- _TASK STATEMENT_
Leave out the pictures and restate the rest of the data exactly.

• • •

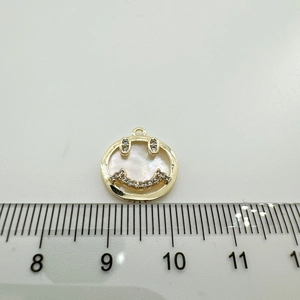 Macro shot of 18K gold-plated shell smiley pendant with cubic zirconia eyes and 1.3cm ruler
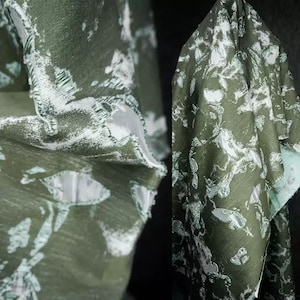 Puede incluir: Primer plano de una tela drapeada con un patrón de formas blancas y verde claro sobre un fondo verde oliva oscuro. La tela tiene una apariencia texturizada y está doblada, revelando el reverso de color verde claro.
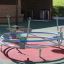 Bicycle merry-go-round équipement de terrain de jeu avec quatre sièges et des guidons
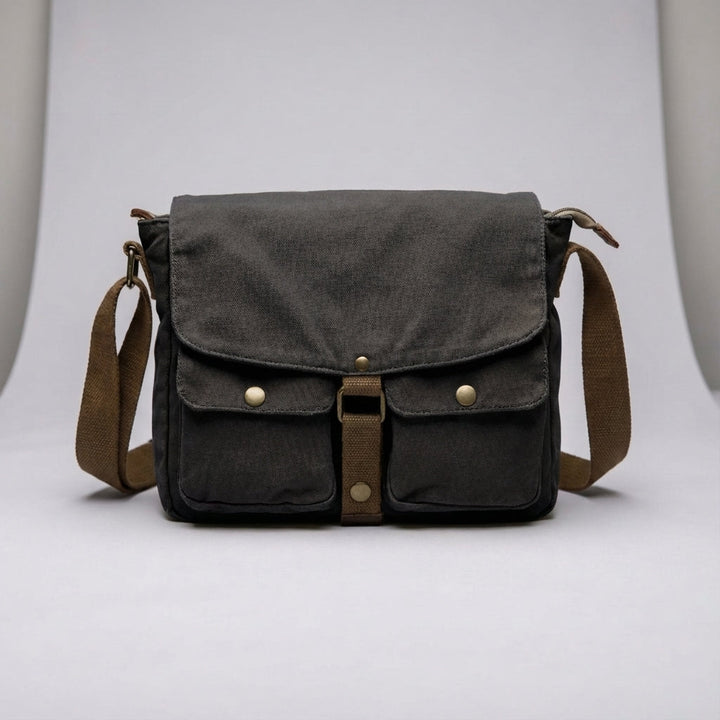 Classic vintage canvas messenger bag, unisex, featuring adjustable strap for comfortable crossbody wear.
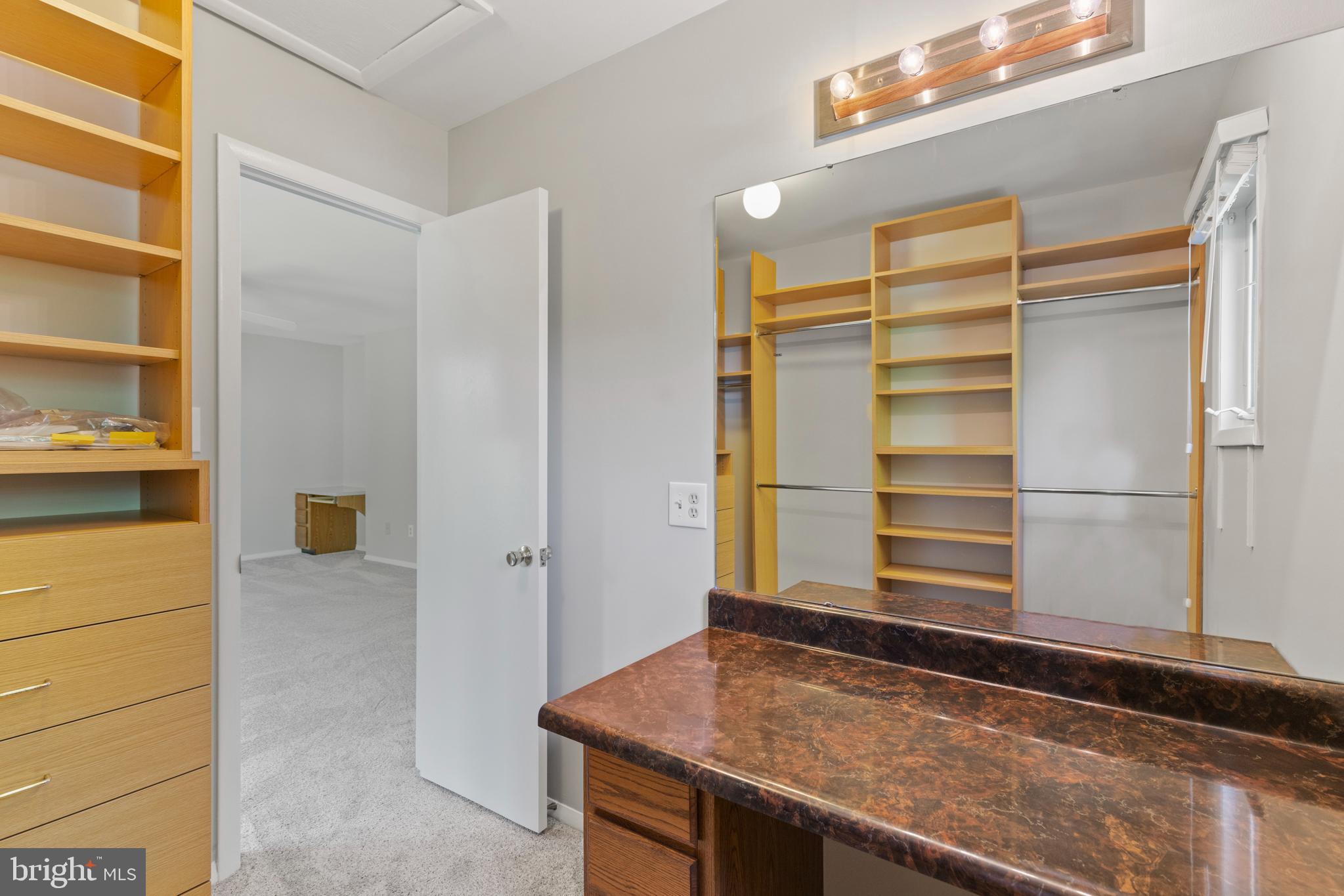 1921 Dundee Road Rockville, MD 20850 - Photo 18 of 41 Walk-in Closet/Dressing Area with Make-up vanity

• • •

- _EXERCISE ANSWER_
 Macro shot of 18K gold-plated shell smiley pendant with cubic zirconia eyes and 1.3cm ruler
 Puede incluir: Primer plano de una tela drapeada con un patrón de formas blancas y verde claro sobre un fondo verde oliva oscuro. La tela tiene una apariencia texturizada y está doblada, revelando el reverso de color verde claro.
 Bicycle merry-go-round équipement de terrain de jeu avec quatre sièges et des guidons
 Classic vintage canvas messenger bag, unisex, featuring adjustable strap for comfortable crossbody wear.
 1921 Dundee Road Rockville, MD 20850 - Photo 18 of 41 Walk-in Closet/Dressing Area with Make-up vanity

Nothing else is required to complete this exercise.